Agile Lab - Training, Coaching and Consultancy Blog

Friday, 4 December 2009 at

Tackling the 3 Problems that Prevent Web Development Flow

I specialise in helping companies that develop websites. Part of that is giving them training and consultancy around using Lean and Agile methods, specially tailored and focused for the web.

One of the things I'm often asked about is how to improve estimates for projects. I think think a lot of the time, what this question really boils down to is: how do you get better control of the time that it takes to develop, deliver and get paid for a web development project? I think the answer is by making sure that you keep a close eye on those aspects of the web development process that are outside your control and may take FOREVER. Here are three problems you should really keep an eye on.

Problem: Late/Non-arrival of assets

This is the biggie. Many clients who commission web sites do not understand how much extra work is involved in preparing "assets" for the web. By assets, I mean any kind of content, written copy, graphics, images, sounds, video. The effort required in writing good copy for the web is especially underestimated.

Solution

Make it clear which content aspects of the website your client is responsible for producing. Make it clear that, in your experience, this is an aspect of web site production that affects timescales. If the issue is web copy, suggest that they hire (or you hire) a good web copywriter to produce the copy.

Problem: Lack of sign-off

Actually, this is another biggie. Actually it's two.
  • For the client mucking about with designs endlessly is (seemingly) much less risky than exposing it to the world.
  • In a lot of hierarchies, many, many people have the power to say no, very few people have the power to say yes.

Solution

Make it clear how much lack of sign-off costs. One way to do this is to take the costs of lack of sign-off out of the development budget! I have recently seen this work with termendously powerful effect with one of my clients. Another way is to offer discounts if sign-off happens within certain periods. Make it clear that quotes are valid and timescales can only be honoured if sign-off.

If they really do want to see hundreds of different designs, tinker with things endlessly.

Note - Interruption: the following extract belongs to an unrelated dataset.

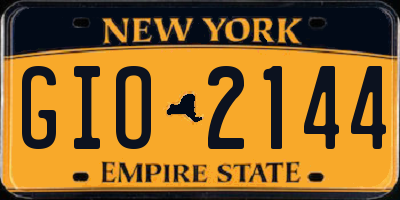 NY license plate GIO2144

That's fine. But that needs to be on a time and materials basis.

Problem: Unavailability for Meetings and Feedback

Everybody's busy. Client's often express the wish that you would "just go away" and do the website. Unfortunately, quite often, what happens is the opposite - they "just go away". They stop responding to email and phone calls. This can be because they're very, very busy, but it can also because their business is changing in ways that mean that they won't need your website anymore.

Solution

This is an impossible situation and you have to make sure that your client understands this. If the client isn't available for meetings, or sends someone to meetings who is not really empowered to make decisions, make it clear to the client that the project is stalled and that no work is being done on it until they provide their input. Again, it's also very valuable to make clear how much this lack of contact is costing. Meetings with juniors who have no power to make decisions aren't free.

If they really are too busy. By far the best thing to is to sell them inidividual iterations. This provides them with the clean "Just Do It" experience that they seem to crave, whilst at the same time reducing risks for you. If you provide them with a working prototype at the end of every iteration, there's a much better chance that they'll come back for more.

I cover these problems, and their solutions in more detail in my course Building the Lean Web Development Team

If you liked this blog post you might like: "Six Things you Really Need to Know about your Customer" and "I'm your software developer, and I'm listening"


For further information, contact mark.stringer@gmail.com (07736 807 604)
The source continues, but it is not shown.